This is a copy of my remarks to the Interfaith Pride Service, organized by the Interfaith Coalition for Fairness of Maryland held at Grace United Methodist Church 5407 North Charles Street Baltimore MD 21212 on Tuesday, July 21, 2015. It was deeply honored to be asked and it was very well received by those assembled.
I’m here tonight representing the Catholic church to bring you a message of welcome and to embrace you as your authentic selves. And to do that you may need to forget everything you thought you knew about the catholic church and forgive the ways you have been personally hurt by catholics and open your heart to the largest organization dedicated to social justice in the world.
The mystery and conflict starts with the meaning of the words Roman Catholic Church. Roman because it is the last vestige of the roman empire and with that it has had the power to stand for 2 millennia but also shares the shame of oppression, patriarchy and violence. Catholic on the other hand means universal and it’s faith tradition is a history of growing from the margins and changing (slowly) as demanded by its people. And then you have to change what you think Church means. When catholics say church we are not talking about a building or the rules or the leaders. We mean the PEOPLE of faith. So let me represent the Ancient heritage of universal people of faith.
So as that I am a logical choice to be the representative. I’m not a nun, priest, or bishop but I am called by my baptism, my discernment, and my community to be a Queer Faith Leader. I am marginalized by my church hierarchy first as a woman, in a same-sex marriage, who is transgender. And from that margin I call my church to embrace people from all the margins. And the people of faith do. Recent polls found more support for same-sex marriage strongest in Catholics of all the mainline american religions. Polls show support for transgender equality highest among american catholics of all christian denominations. Yet the church hierarchy has been visible in their opposition to both central issues of dignity to LGBT people.
You may be by now justifiably confused, mystified, and conflicted by these revelations about the church and that is fantastic. This religion exists in mystery, in evolving revelations of ancient symbols and through individual conscience. Who better to call you into that spiritual question that is Catholicism than someone uniquly blessed by birth to understand incongruence, contrast, ambiguity, quandary, the conundrum of living life as a trans woman.

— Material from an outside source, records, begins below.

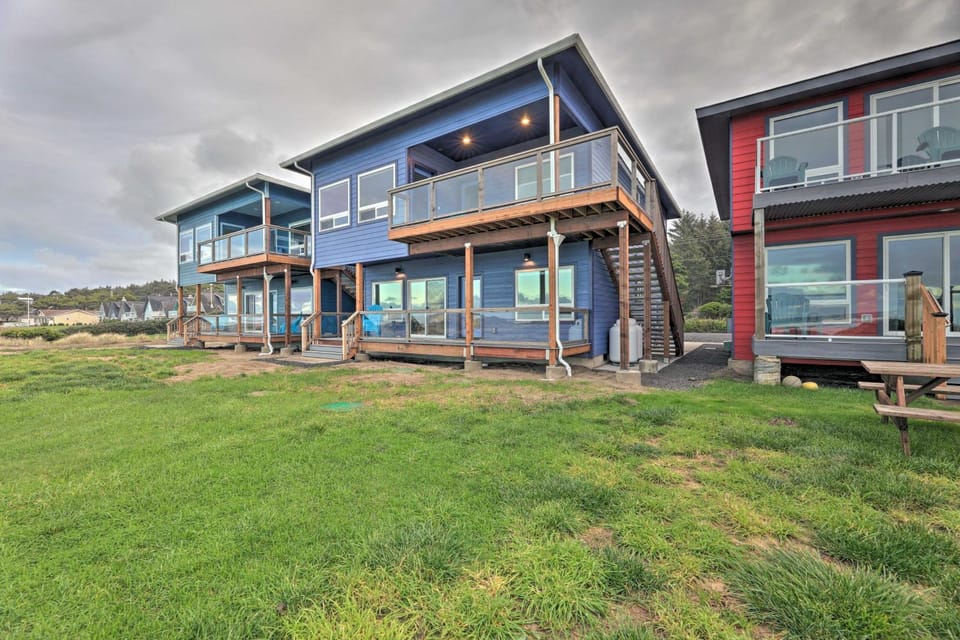 Sanderling Sea Cottages, Unit 7 with Beach Access! House in Oregon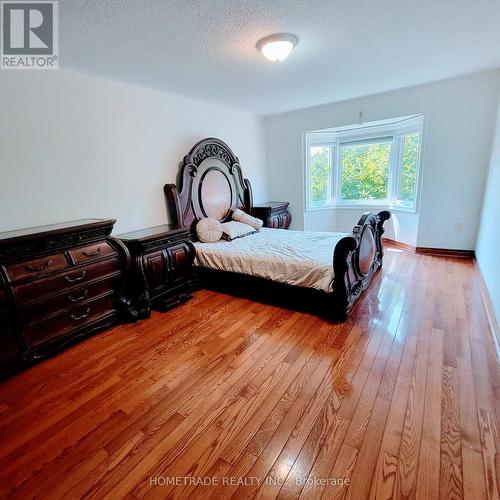 361 Chambers Crescent, Newmarket, ON - Indoor Photo Showing Bedroom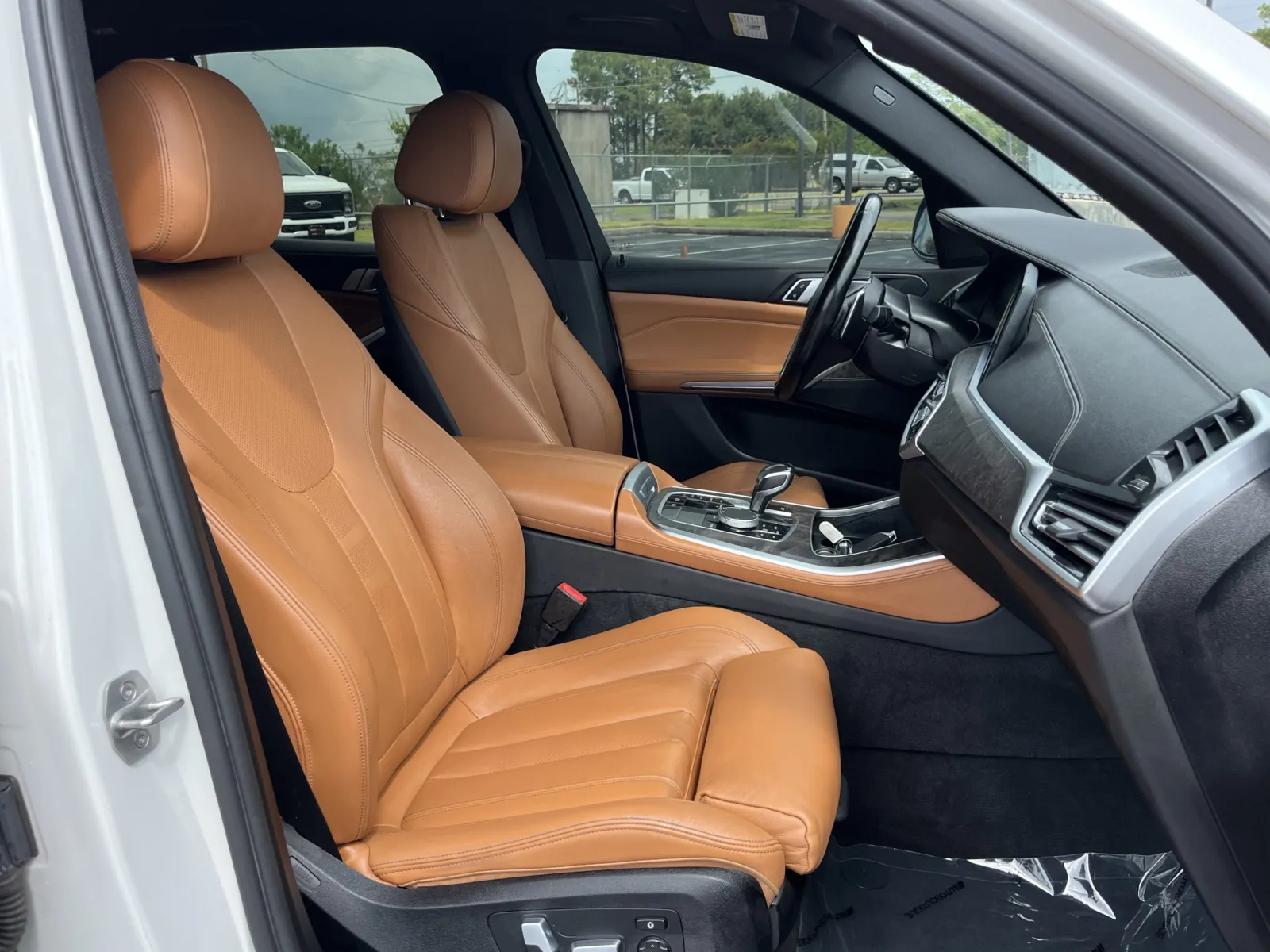 BMW X5 photo 32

So let me give you the 2 minute mass with my remaining time to welcome you into this mystery. We look for inspiration to the readings for today and since we celebrate today Marriage Equality as the law of the land now it is miraculous to find that the gospel is
The True Family of Jesus.
While Jesus was speaking to the crowds,
his mother and his brothers appeared outside,
wishing to speak with him.
Someone told him, “Your mother and your brothers are standing outside,
asking to speak with you.”
But he said in reply to the one who told him,
“Who is my mother? Who are my brothers?”
And stretching out his hand toward his disciples, he said,
“Here are my mother and my brothers.
For whoever does the will of my heavenly Father
is my brother, and sister, and mother.”
In my intentional eucharist community we would next have a shared homily where each of us would reflect on the meaning this passage had to our daily lives. We are short on time so let me tell you about our true queer family.
In 1992 I was in the early stages of what would become my transition. I belonged to a support group of transvestites, crossdressers, Drag Queens, Drag Kings, transexuals, and androgynes. In my first San Francisco Pride Parade, I walked with them the length of Market street to cheers of the crowd dressed for one of the first times in the daylight as a woman. Not in the flamboyant way pride parades are known for but more like your mother at the state fair with a visor, sunscreen, shorts, fanny pack and sensible shoes but also a little beard shadow. It was after the parade making my way home that I encountered a group of young gay men who i could overhear had read me as a transvestite and I stiffened myself for the hopefully only verbal assault on my dignity. One of them suddenly, throws up his arms running across the street and shouts “Mom! I didn’t think you were going to make it!”
In our warm and genuine embrace I felt the connection to all of us who had come together to celebrate living as our authentic selves. Back then it was just accepted as likely that coming out queer meant loosing your birth family. This young man used a bit of theater to not only diffuse a possibly painful confrontation but also to sum up what Pride day was really about then, affirmation of each other in the face of a society that rejected us. We built our own families of choice because love makes a family. Our own churches when we couldn’t imagine being accepted by mainstream institutions.
Much has changed in 20 years, Pride is now more about how mainstream organizations empower diversity. We gather to celebrate the advances of law, religion, and society. We express our commitment to each other and with our birth families, our religious traditions and our free society. But our journey is not over yet so let me close with a prayer:
You created balance. The night to follow the day. The sea to touch the earth. All the wonderful animals, fish and birds. You are the great creator of variety and diversity. Thank you that you made us all to be unique and reflect your love. Come draw our family together in all it’s wonder and beauty. Help us to love and respect each other. Show us how to support and encourage one another. Inspire us to work together to become a picture full of your perfect love.